**DIRECTIONS FOR THIS TASK:**
Find the line containing "Alass Ga For" in the entries; transcribe it and all remaining lines through the end, exactly as they appear, but not the pictures.

**AVAILABLE DATA:**
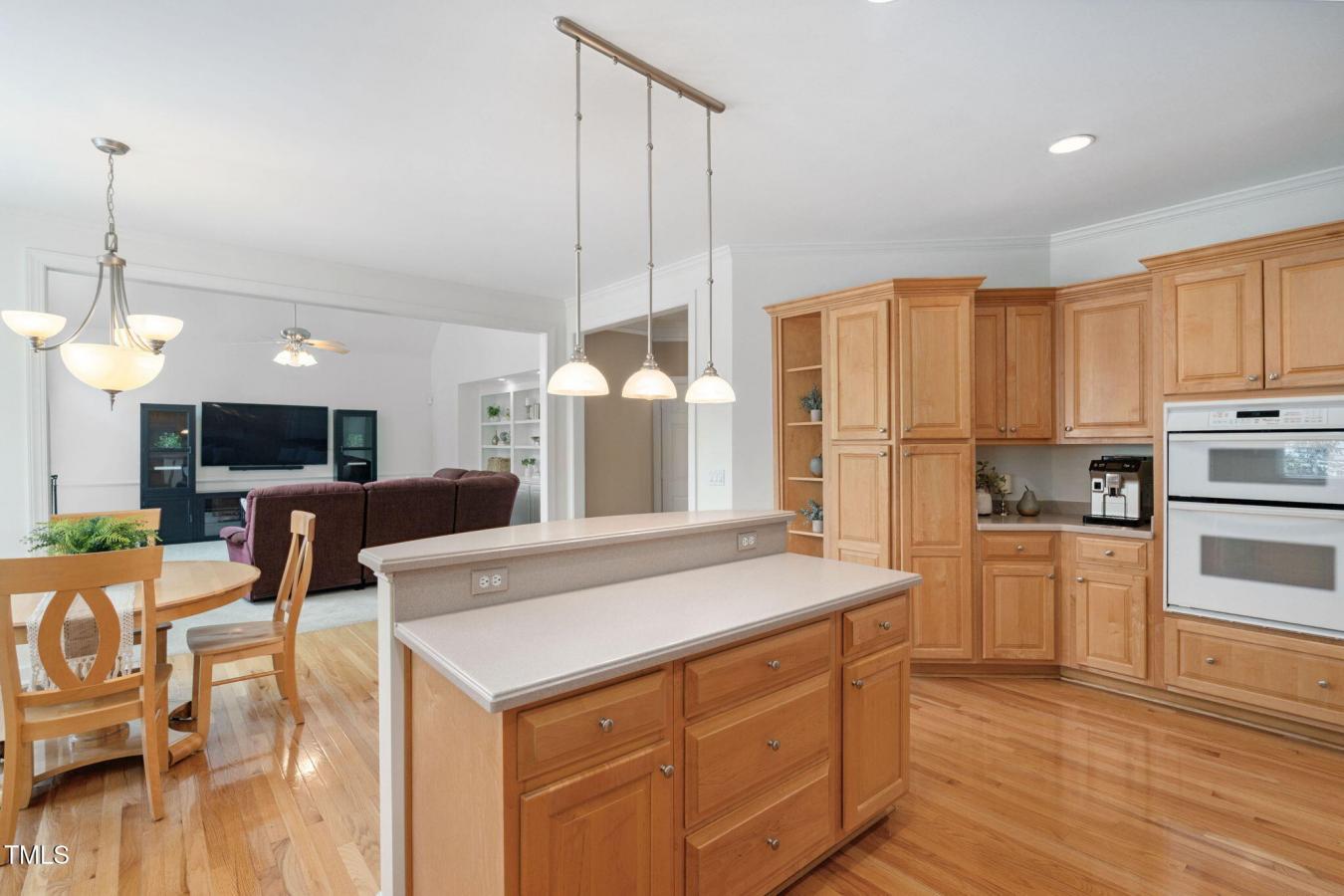 Cary, North Carolina, 27519, United States, 4 Bedrooms Bedrooms, ,3 BathroomsBathrooms,Residential,For Sale,1892362
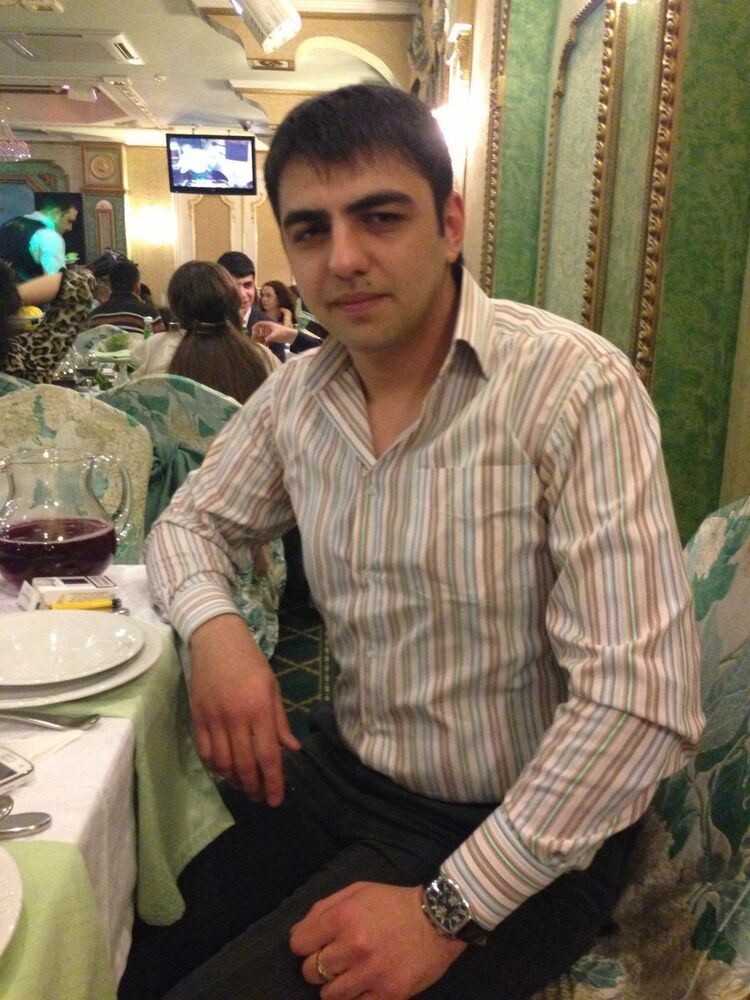  4702586  Ilham, 36 ,    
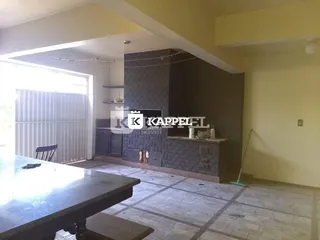 Foto de uma área comum com piso de cerâmica e uma grande janela.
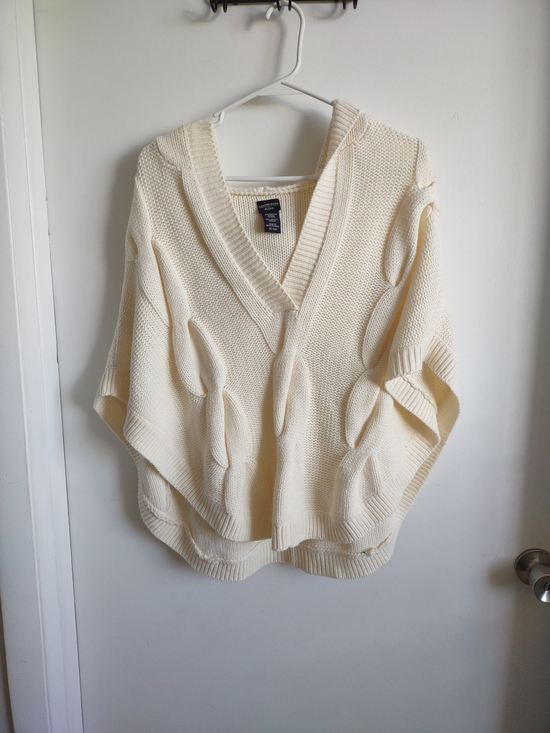 Canyon River Blues Sweaters - Canyon River Blues Cream V-Neck Cable Knit Sweater Poncho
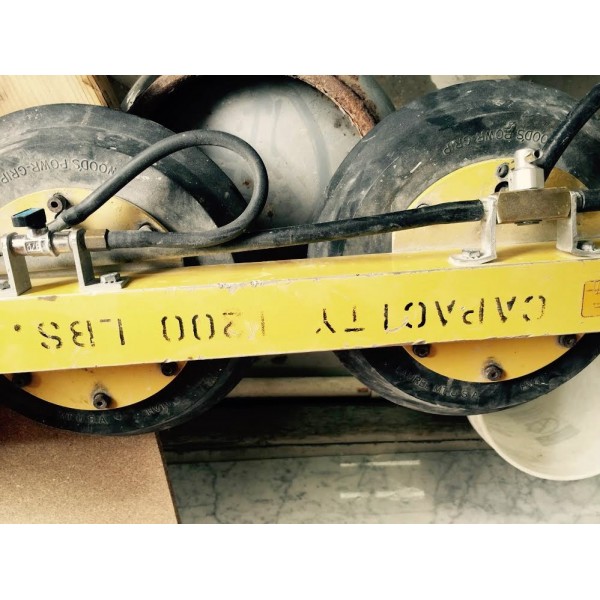 Woods 8 Cup Vacuum Lifter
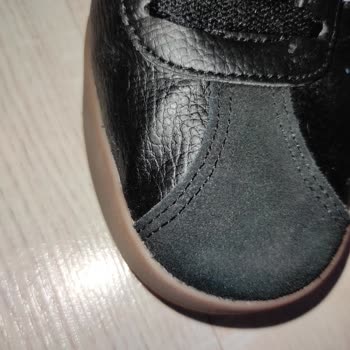 Adidas Ayakkabıda Hayal Kırıklığı: İade Ve Değişim Sorunu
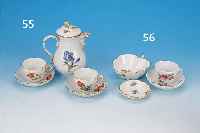 KONVOLUT PORZELLAN, MEISSEN, VIER MOKKATAS- SEN, DREI UNTERTASSEN, EINE SCHALE UND EIN FINGERSCHäLCHEN, 20. JH., MEIST 2. WAHL, BUNT BEMALTER ...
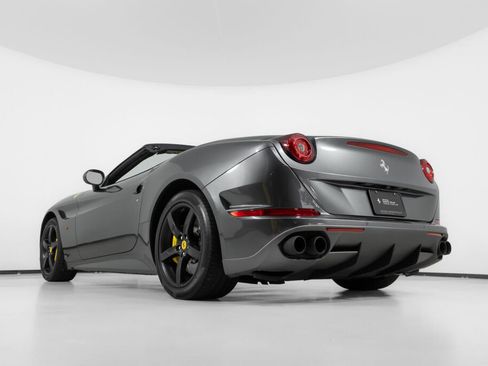 Used 2016 Ferrari California T RWD image 17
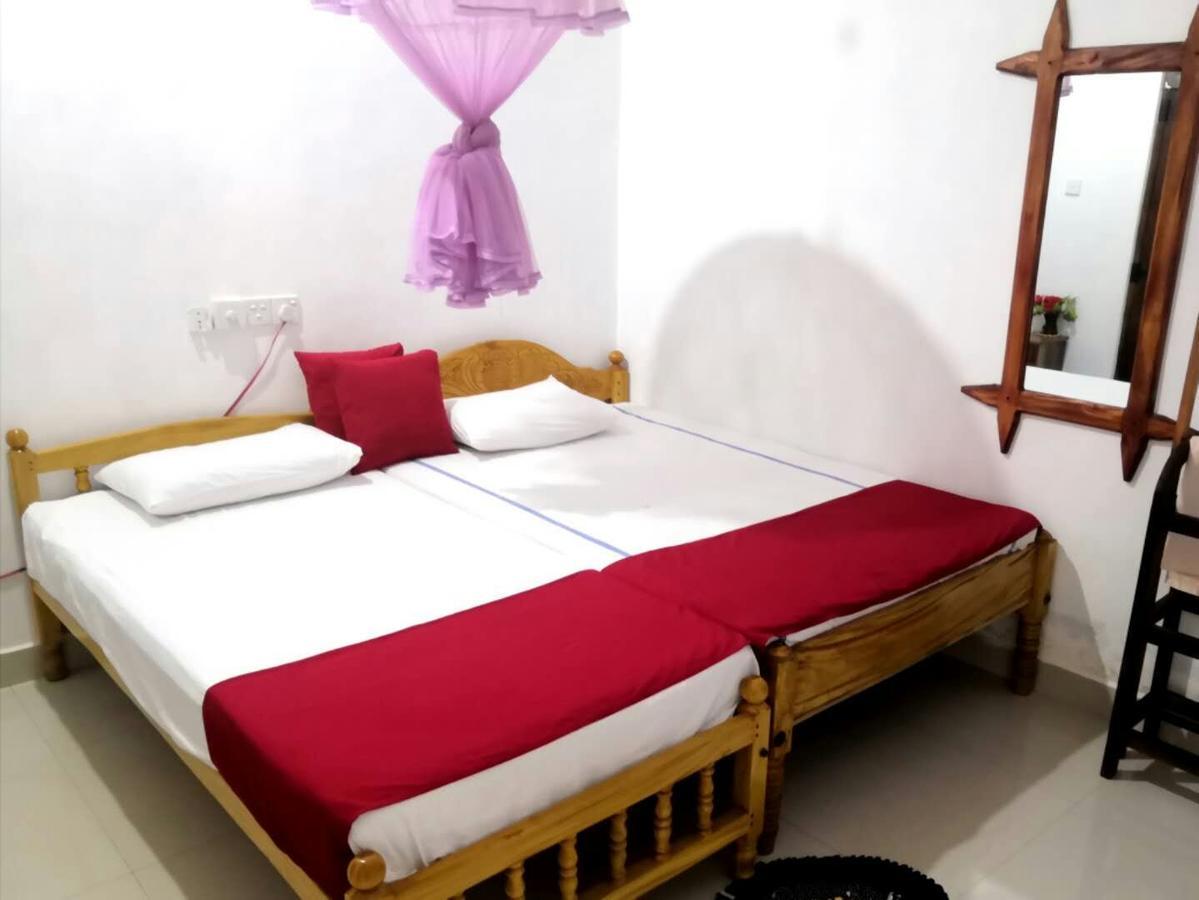 Alass Ga For Pets Lovers Trincomalee Exterior foto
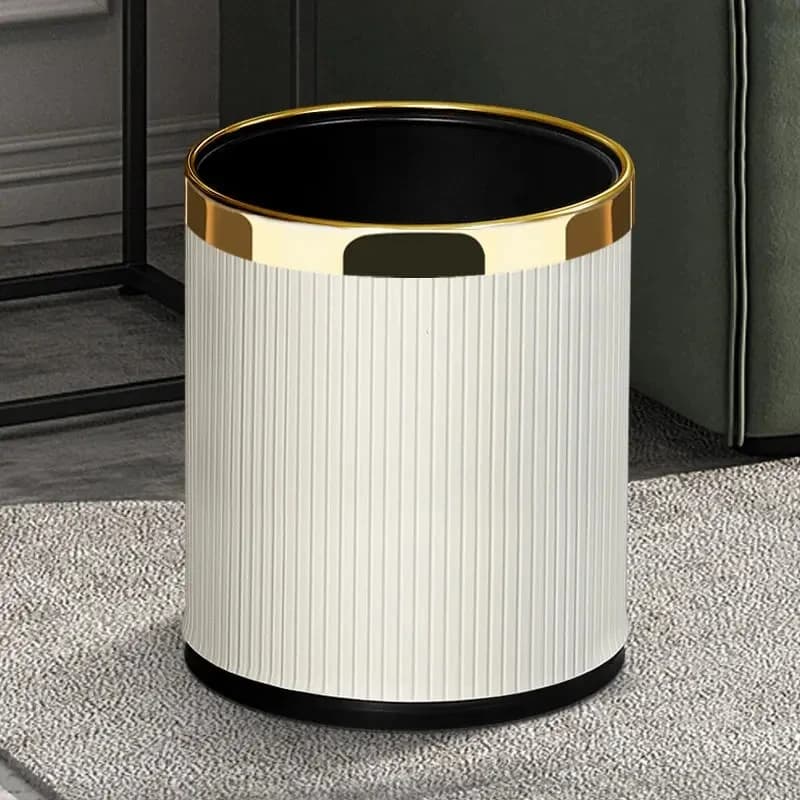 poubelle décorative blanche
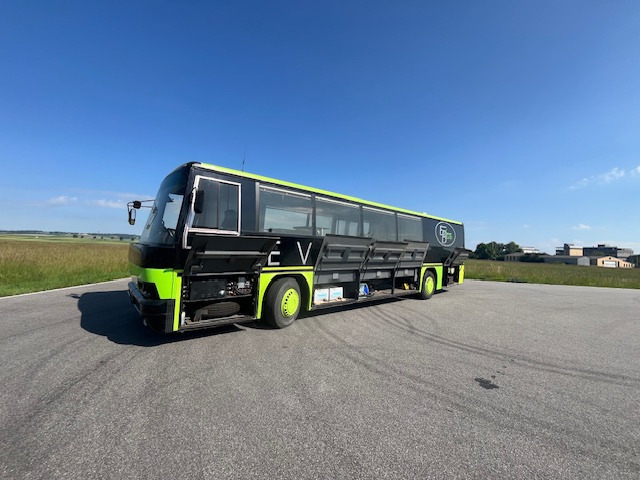 Bus NEOPLAN N316 Ü - Koferenz-, Ausstellungsbus - Wohnmobil: picture 10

**ANSWER SPACE:**
 Alass Ga For Pets Lovers Trincomalee Exterior foto
 poubelle décorative blanche
 Bus NEOPLAN N316 Ü - Koferenz-, Ausstellungsbus - Wohnmobil: picture 10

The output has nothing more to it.